邵兵:怎么会淡漠呢?我很细腻,尤其是对孩子。孩子们所有的东西都是我买的,我会带着他们去各种商店,我最喜欢逛的也是儿童商店。我可以培养他们有时尚概念,还会着意培养他们对艺术、颜色、音乐上的敏感,这就是培养气质。
:在家里的时候会不会打孩子?
邵兵:我从来不打他们,但是他们会怕我。可能是父亲的威严起作用吧。我女儿有一次说,“爸爸,我为什么怕你,我不应该怕你啊。我凭什么怕你啊?”“那你真不怕我吗?”“我还真有点怕你。”
:这种威严表现在什么地方呢?例如说他们想干什么的时候,会看你的眼色行事?
邵兵:我很少不让他们干什么,只是会在礼貌方面要求很严格。例如他们有时候对阿姨的态度很随便,我会很严肃地告诉他们一定要尊重,人和人之间是平等的,她为你做事情,你一定要说谢谢。我希望他们是善良的,心地好的。
:两个孩子对你的职业现在已经有概念了吗?
邵兵:有概念了。就像我这次和张柏芝一起演的《无价之宝》就是为了他们,演一个好父亲,带着孩子去打坏人,救孩子。本来我是想演坏人的,就问他们,你们愿意爸爸演坏人还是好人?他们就说演好人,那就演好人吧。
:最近微博上对于日本地震的讨论很多,有些人幸灾乐祸,有些人谴责,你怎么看这个事情?
邵兵:我觉得应该祈祷。因为人还是要有大爱,地球不是分为日本人的、中国人的、美国人的,它是由人组成的,所以不要大民族的概念,那是很狭隘很低级的。
:现在家庭如此幸福,怕不怕有一天世界末日来临?
邵兵:不害怕,就像我不相信有鬼一样,我愿意正面死亡。我带孩子们去给太奶奶扫墓的时候,他们问,“太奶奶就压在石板下面吗?”“是。”“那有一天你也会压在石板下面吗?”我说“不会的。爸爸拍了好多电影,你们看到爸爸的时候都是动着的,活着的。爸爸特别喜欢海,到时候会把身体变成粉末,洒在海里。”
硬汉的心里得装得下东西
刚考入北京电影学院的时候,老师对邵兵的评价是,这个孩子的眼神很纯净。采访中的两个小时,邵兵端坐在对面,目光炯炯,似乎仍然看不到岁月荏苒的浑浊感。
甫一复出就相继在《让子弹飞》、《非诚勿扰2》中亮相,虽说戏份不多,邵兵却以“内敛”、“深沉”的硬汉形象,迅速找回当年《红河谷》的飒爽英姿。
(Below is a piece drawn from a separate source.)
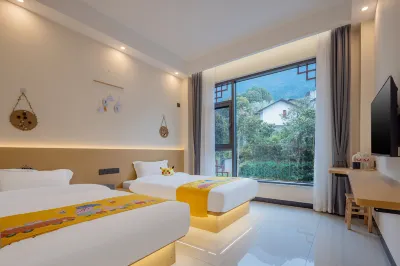 Yichang Danfengyuan Homestay (Three Gorges Dam Scenic Area) Hotels near Huanglong Waterfall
与姜文、甄子丹同台飙戏的《关云长》里更是细致刻画了内心冲突激烈,表面一直保持平庸的大将军张辽。
面对观众的好评,邵兵一笑,“你叫我偶像也可以,你叫我硬汉也行,这对我来说都不重要,关键的是,我演的角色是否能在你心里扎根。”
:你性格中哪一个特征是最明显的?例如,暴力、突破、坚持、正义?
邵兵:坚持,这是我最明显的特点,而且很可怕,我对我自己坚持到了残忍的地步。就像拍这个戏,如果我不把它拍好了,拍完美了,我拍它干吗?你别糊弄我,你糊弄我我立马翻脸,因为你浪费我的生命。
:这也算是你作为“硬汉”一面的暴力美学观吧?
邵兵:暴力美学反映了人性脆弱和迷茫的东西,我挺喜欢这种东西。一定要有些有劲儿的东西在身体里面,就像吃饭也要荤素搭配一样,人不能只接受不发泄。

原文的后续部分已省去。